(Material supplied Opens)

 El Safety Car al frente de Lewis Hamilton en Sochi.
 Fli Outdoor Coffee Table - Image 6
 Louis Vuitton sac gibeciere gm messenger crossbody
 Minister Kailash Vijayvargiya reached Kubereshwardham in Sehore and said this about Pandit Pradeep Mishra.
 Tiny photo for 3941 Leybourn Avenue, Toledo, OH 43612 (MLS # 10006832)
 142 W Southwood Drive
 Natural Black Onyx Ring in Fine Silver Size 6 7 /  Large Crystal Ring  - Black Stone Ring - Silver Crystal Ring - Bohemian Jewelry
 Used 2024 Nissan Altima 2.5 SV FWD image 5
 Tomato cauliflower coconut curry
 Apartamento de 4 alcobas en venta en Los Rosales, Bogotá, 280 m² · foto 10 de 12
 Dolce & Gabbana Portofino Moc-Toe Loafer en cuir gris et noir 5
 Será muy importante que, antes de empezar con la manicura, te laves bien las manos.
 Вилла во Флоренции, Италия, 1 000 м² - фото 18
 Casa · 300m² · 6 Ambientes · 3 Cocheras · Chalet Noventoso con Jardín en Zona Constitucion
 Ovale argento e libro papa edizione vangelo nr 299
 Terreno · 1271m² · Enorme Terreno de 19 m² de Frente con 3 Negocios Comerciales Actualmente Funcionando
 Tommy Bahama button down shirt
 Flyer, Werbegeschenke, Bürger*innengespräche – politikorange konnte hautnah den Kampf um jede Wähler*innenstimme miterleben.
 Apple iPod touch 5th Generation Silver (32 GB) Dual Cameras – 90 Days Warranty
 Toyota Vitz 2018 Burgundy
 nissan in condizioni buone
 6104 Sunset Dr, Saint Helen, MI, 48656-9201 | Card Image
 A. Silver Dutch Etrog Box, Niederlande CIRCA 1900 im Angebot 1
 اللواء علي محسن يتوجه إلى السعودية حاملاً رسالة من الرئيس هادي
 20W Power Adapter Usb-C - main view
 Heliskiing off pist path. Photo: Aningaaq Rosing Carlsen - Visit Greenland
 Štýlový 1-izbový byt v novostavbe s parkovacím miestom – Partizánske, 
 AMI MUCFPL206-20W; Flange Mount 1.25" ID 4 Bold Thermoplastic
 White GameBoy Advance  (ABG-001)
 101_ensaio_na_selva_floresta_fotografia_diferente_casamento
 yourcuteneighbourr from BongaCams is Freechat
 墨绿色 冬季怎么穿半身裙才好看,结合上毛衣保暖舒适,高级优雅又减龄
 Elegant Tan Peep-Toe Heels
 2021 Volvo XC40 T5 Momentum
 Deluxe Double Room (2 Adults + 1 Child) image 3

(Material supplied Closes)

Could you output exactly the lines from the one containing "101_ensaio_na_selva_floresta_fotografia_diferente_casamento" to the end of the entries above, both included, and no others?

 101_ensaio_na_selva_floresta_fotografia_diferente_casamento
 yourcuteneighbourr from BongaCams is Freechat
 墨绿色 冬季怎么穿半身裙才好看,结合上毛衣保暖舒适,高级优雅又减龄
 Elegant Tan Peep-Toe Heels
 2021 Volvo XC40 T5 Momentum
 Deluxe Double Room (2 Adults + 1 Child) image 3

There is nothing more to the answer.